Below are records; reproduce exactly the lines from the first through the one containing "NE license plate XMW995".

[Opening Provided data section]

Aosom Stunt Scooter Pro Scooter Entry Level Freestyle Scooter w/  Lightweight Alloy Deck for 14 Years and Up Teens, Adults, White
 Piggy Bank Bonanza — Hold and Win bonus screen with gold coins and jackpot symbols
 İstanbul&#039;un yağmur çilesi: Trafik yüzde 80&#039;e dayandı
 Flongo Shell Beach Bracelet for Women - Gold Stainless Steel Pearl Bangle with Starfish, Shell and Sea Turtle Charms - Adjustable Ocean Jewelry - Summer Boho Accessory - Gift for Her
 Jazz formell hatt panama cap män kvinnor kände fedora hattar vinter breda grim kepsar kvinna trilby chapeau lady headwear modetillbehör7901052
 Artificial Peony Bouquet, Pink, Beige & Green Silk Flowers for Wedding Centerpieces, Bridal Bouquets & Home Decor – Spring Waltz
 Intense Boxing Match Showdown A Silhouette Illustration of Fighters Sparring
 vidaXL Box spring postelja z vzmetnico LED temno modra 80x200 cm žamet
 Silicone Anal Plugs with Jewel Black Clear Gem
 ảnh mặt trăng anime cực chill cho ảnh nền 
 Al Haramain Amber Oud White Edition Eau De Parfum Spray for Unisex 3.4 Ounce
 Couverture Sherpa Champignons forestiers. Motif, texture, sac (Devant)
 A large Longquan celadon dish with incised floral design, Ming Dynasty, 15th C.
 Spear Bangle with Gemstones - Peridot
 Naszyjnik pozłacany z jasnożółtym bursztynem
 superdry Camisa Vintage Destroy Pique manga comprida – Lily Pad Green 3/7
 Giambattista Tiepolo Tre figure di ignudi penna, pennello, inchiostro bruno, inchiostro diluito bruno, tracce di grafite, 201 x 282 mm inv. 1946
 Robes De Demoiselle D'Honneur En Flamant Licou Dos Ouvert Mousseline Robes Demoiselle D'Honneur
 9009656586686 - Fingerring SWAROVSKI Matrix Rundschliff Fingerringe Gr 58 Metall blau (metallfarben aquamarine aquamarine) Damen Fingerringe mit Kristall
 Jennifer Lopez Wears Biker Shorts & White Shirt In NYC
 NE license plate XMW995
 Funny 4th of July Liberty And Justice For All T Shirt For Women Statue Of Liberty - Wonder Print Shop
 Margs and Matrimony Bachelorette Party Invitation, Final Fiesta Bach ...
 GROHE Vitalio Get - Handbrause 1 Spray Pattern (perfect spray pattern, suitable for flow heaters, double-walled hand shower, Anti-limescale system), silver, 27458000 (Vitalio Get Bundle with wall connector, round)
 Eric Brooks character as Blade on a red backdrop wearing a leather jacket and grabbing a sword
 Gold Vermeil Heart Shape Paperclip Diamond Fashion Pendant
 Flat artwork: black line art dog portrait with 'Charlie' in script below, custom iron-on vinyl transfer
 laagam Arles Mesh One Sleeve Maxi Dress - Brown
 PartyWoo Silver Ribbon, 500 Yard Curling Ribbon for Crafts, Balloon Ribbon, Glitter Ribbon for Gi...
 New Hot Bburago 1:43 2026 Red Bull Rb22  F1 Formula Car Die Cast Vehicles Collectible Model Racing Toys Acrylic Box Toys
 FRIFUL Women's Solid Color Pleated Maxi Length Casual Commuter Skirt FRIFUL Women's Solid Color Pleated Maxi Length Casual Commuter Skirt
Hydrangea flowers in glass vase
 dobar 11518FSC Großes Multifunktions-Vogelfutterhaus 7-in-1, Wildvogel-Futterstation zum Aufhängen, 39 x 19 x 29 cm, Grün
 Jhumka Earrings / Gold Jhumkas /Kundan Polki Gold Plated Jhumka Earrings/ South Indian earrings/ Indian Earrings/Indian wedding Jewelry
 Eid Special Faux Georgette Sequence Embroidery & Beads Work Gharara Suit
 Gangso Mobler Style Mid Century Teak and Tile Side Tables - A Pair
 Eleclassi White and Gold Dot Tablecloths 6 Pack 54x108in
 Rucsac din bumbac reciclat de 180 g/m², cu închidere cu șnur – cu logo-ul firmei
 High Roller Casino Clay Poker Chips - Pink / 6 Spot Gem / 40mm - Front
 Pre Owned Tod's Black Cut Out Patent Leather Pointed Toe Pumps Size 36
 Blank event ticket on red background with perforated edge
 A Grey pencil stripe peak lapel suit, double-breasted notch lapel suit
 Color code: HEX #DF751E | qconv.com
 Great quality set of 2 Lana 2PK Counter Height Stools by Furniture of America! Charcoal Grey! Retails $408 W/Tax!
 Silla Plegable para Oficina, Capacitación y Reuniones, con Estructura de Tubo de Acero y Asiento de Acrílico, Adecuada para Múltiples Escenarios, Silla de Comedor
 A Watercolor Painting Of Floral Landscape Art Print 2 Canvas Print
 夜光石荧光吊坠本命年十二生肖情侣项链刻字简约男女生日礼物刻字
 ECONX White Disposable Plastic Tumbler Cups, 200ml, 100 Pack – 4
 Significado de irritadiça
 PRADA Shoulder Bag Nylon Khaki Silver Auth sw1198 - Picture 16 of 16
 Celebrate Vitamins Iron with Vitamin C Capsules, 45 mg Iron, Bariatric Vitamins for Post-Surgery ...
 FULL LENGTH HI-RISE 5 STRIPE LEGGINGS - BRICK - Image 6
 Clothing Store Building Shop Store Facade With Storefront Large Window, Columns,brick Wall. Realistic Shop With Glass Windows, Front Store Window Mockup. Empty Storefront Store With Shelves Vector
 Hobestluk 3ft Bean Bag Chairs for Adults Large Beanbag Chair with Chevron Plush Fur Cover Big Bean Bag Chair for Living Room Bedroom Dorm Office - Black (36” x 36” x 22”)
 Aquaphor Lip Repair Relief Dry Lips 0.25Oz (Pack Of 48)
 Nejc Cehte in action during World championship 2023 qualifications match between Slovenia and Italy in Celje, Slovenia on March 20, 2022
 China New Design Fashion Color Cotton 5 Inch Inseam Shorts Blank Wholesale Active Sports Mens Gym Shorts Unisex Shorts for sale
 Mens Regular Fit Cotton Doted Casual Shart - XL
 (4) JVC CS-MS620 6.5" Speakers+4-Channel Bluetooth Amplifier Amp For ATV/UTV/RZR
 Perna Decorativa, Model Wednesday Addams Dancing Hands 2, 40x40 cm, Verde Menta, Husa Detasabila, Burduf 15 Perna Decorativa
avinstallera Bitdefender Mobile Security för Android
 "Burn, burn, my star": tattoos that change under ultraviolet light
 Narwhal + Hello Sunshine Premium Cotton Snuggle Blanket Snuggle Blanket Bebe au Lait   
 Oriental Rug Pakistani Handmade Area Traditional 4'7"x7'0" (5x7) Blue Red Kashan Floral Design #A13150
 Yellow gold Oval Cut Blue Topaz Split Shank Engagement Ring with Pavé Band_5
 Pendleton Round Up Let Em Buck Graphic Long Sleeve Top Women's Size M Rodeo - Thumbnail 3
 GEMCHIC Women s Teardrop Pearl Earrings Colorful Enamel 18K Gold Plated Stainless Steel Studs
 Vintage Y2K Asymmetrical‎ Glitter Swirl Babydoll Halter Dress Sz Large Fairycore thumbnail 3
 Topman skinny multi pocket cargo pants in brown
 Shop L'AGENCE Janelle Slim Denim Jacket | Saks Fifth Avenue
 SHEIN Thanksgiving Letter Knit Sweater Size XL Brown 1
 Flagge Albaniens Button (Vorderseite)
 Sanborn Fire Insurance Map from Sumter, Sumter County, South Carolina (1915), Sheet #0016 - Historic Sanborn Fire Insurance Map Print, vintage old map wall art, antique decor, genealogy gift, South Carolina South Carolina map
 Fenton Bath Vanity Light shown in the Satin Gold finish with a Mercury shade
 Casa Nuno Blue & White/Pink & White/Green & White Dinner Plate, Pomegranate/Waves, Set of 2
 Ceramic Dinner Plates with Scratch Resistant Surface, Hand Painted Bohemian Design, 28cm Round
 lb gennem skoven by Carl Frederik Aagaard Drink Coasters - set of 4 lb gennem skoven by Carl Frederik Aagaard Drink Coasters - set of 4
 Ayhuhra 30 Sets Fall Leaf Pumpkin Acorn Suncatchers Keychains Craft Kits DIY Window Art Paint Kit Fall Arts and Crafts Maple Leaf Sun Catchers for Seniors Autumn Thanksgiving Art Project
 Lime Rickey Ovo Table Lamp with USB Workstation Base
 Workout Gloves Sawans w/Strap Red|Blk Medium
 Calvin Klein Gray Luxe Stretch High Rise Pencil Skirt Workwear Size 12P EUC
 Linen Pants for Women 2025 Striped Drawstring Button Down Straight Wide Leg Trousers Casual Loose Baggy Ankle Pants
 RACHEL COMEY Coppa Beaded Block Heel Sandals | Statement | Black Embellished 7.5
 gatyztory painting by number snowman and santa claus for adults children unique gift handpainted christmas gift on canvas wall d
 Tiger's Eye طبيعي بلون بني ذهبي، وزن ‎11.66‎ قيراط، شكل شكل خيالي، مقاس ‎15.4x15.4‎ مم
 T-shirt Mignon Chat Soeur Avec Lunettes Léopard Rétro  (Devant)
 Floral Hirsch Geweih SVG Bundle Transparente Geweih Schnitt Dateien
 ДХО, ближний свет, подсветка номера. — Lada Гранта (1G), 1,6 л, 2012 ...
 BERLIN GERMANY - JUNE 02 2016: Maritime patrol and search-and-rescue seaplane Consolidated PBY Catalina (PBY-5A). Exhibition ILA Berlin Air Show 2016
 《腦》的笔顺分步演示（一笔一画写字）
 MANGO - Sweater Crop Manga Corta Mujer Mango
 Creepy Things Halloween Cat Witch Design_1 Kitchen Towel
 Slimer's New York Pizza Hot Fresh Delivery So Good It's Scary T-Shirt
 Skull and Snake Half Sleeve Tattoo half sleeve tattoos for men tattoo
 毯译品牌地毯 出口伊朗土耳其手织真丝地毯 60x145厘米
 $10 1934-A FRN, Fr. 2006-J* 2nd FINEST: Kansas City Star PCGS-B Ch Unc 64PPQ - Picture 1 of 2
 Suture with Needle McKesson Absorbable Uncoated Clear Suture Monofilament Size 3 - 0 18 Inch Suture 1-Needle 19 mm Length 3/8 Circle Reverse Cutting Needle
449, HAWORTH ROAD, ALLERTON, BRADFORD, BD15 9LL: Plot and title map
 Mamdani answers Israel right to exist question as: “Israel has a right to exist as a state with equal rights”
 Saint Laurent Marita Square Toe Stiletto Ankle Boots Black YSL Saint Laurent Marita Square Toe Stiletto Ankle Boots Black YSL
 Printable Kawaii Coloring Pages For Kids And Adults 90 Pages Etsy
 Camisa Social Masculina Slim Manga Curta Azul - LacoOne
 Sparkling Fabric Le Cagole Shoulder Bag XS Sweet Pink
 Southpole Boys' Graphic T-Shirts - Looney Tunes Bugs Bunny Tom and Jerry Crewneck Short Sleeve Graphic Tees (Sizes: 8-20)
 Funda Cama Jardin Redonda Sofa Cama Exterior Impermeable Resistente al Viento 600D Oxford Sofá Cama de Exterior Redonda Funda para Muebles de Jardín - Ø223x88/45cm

[Closing Provided data section]

__Response to this task__.
Aosom Stunt Scooter Pro Scooter Entry Level Freestyle Scooter w/  Lightweight Alloy Deck for 14 Years and Up Teens, Adults, White
 Piggy Bank Bonanza — Hold and Win bonus screen with gold coins and jackpot symbols
 İstanbul&#039;un yağmur çilesi: Trafik yüzde 80&#039;e dayandı
 Flongo Shell Beach Bracelet for Women - Gold Stainless Steel Pearl Bangle with Starfish, Shell and Sea Turtle Charms - Adjustable Ocean Jewelry - Summer Boho Accessory - Gift for Her
 Jazz formell hatt panama cap män kvinnor kände fedora hattar vinter breda grim kepsar kvinna trilby chapeau lady headwear modetillbehör7901052
 Artificial Peony Bouquet, Pink, Beige & Green Silk Flowers for Wedding Centerpieces, Bridal Bouquets & Home Decor – Spring Waltz
 Intense Boxing Match Showdown A Silhouette Illustration of Fighters Sparring
 vidaXL Box spring postelja z vzmetnico LED temno modra 80x200 cm žamet
 Silicone Anal Plugs with Jewel Black Clear Gem
 ảnh mặt trăng anime cực chill cho ảnh nền 
 Al Haramain Amber Oud White Edition Eau De Parfum Spray for Unisex 3.4 Ounce
 Couverture Sherpa Champignons forestiers. Motif, texture, sac (Devant)
 A large Longquan celadon dish with incised floral design, Ming Dynasty, 15th C.
 Spear Bangle with Gemstones - Peridot
 Naszyjnik pozłacany z jasnożółtym bursztynem
 superdry Camisa Vintage Destroy Pique manga comprida – Lily Pad Green 3/7
 Giambattista Tiepolo Tre figure di ignudi penna, pennello, inchiostro bruno, inchiostro diluito bruno, tracce di grafite, 201 x 282 mm inv. 1946
 Robes De Demoiselle D'Honneur En Flamant Licou Dos Ouvert Mousseline Robes Demoiselle D'Honneur
 9009656586686 - Fingerring SWAROVSKI Matrix Rundschliff Fingerringe Gr 58 Metall blau (metallfarben aquamarine aquamarine) Damen Fingerringe mit Kristall
 Jennifer Lopez Wears Biker Shorts & White Shirt In NYC
 NE license plate XMW995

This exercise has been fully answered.